Sedimentärgeschiebe 2026

Backsteinkalk 

 Kristallingeschiebe 2026

Lemland-Granit 

 

Lemland-Granit

Kristallines Geschiebe des Jahres 2026

Text von  Matthias Bräunlich (kristallin.de)

Das Vorkommen des Lemland-Granits liegt im Süden der Ålandinseln, westlich der Insel Lemland. Dort steht das Gestein überwiegend unter Wasser an, ist aber auf kleinen Inseln zugänglich. Das Granitmassiv misst etwa 13 x 9 Kilometer.

Große Teile des Granits sind grob porphyrisch und enthalten hellbraune Alkalifeldspäte mit 1-3 cm Größe, in Einzelfällen auch mehr. Sie sind umgeben von braunrotem Plagioklas und grauem Quarz.
Die dunkelbraunen Plagioklase neben den hellen, länglich-rechteckigen Alkalifeldspäten sind typisch für diesen Granit. Wenn auch die Form der Quarze beachtet wird, ist der porphyrische Lemland-Granit ein leicht zu bestimmendes und verlässliches Leitgeschiebe für das südliche Åland.

Viele der länglich-rechteckigen Alkalifeldspäte sehen wegen der perthitischen Entmischung fleckig aus und sind gleichzeitig längs geteilte Karlsbader Zwillinge.

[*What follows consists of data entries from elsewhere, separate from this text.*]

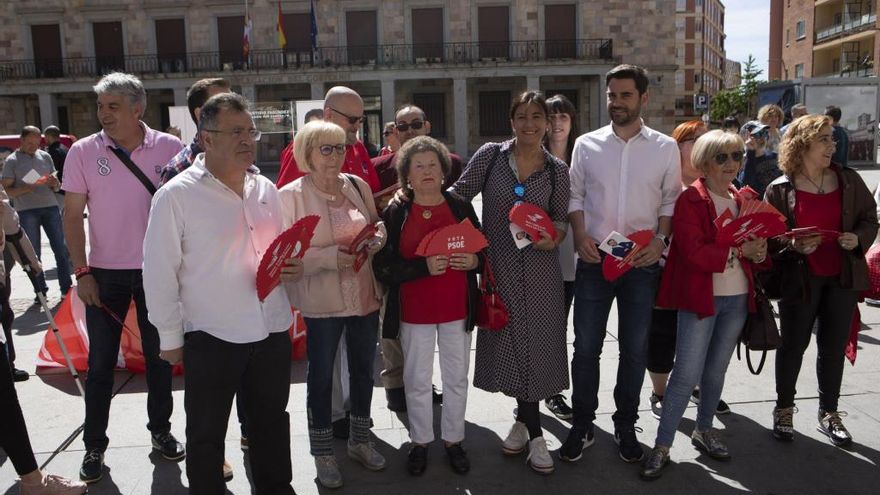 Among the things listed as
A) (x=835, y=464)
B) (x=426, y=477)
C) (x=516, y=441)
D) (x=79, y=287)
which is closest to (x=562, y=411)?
(x=516, y=441)

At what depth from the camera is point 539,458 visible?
11.2ft

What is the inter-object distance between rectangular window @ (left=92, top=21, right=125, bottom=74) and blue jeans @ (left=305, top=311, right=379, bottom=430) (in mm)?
30515

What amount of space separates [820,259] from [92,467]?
4140 millimetres

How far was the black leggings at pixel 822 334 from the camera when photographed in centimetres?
370

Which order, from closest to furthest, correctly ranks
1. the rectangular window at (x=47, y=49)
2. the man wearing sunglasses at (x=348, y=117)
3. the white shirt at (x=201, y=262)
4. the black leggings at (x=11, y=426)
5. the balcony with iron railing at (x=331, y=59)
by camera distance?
the white shirt at (x=201, y=262) < the black leggings at (x=11, y=426) < the man wearing sunglasses at (x=348, y=117) < the balcony with iron railing at (x=331, y=59) < the rectangular window at (x=47, y=49)

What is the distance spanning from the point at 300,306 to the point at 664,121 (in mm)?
28896

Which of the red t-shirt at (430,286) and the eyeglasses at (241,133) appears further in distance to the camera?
the red t-shirt at (430,286)

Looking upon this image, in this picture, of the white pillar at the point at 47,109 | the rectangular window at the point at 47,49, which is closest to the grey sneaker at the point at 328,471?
the white pillar at the point at 47,109

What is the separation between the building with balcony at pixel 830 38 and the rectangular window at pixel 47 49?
42554 millimetres

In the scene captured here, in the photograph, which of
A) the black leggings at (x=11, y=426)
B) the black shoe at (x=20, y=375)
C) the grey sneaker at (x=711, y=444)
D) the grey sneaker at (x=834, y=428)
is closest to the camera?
the black leggings at (x=11, y=426)

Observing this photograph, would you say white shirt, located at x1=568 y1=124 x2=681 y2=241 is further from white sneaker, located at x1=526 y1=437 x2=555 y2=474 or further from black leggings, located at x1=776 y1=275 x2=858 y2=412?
white sneaker, located at x1=526 y1=437 x2=555 y2=474

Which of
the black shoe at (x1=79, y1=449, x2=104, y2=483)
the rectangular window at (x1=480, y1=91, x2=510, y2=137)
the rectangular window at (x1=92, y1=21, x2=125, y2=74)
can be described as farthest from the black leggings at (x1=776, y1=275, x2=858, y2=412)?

Da es auch andere Granite mit braunem Plagioklas gibt, muss die Form der Quarze beachtet werden. Im Lemland-Granit ist Quarz immer Zwickelmineral, steckt also ohne spezielle Form zwischen den Feldspäten.

Geschiebe erkennen

Ein als Lemland-Granit bestimmter Fund muss folgende Eigenschaften besitzen:

  • Viele hellbraune oder blass rötliche, länglich-rechteckige Alkalifeldspäte, die meist 1-3 cm groß sind. Einzelne Kristalle können größer und manchmal auch rundlich sein.

  • Der Alkalifeldspat ist oft perthitisch entmischt und fleckig. Viele der länglichen Feldspäte sind Karlsbader Zwillinge.

  • Der zweite Feldspat ist braunroter oder brauner Plagioklas, dessen Kristalle dunkler und kleiner sind als die Alkalifeldspäte. Die für Plagioklas typischen Zwillinge sind nur selten erkennbar. Im Gelände erkennt man den Alkalifeldspat an seinen perthitischen Entmischungen und an den Karlsbader Zwillingen. Plagioklas ergibt sich dann als zweiter Feldspat.

  • Quarz ist immer Zwickelmineral und sitzt in den Lücken zwischen den Feldspäten.

  • Dunkle Minerale machen nur einen sehr kleinen Teil des Gesteins aus.

Bild 1: Lemland-Granit, anstehend auf der Insel Nåtö, Åland (Sammlung Bräunlich, Hamburg)

Bild 2: Lemland-Granit, Geschiebe von Rügen (Sammlung Figaj, Sprötze)

Zur ausführlichen Beschreibung des Lemland-Granits auf kristallin.de.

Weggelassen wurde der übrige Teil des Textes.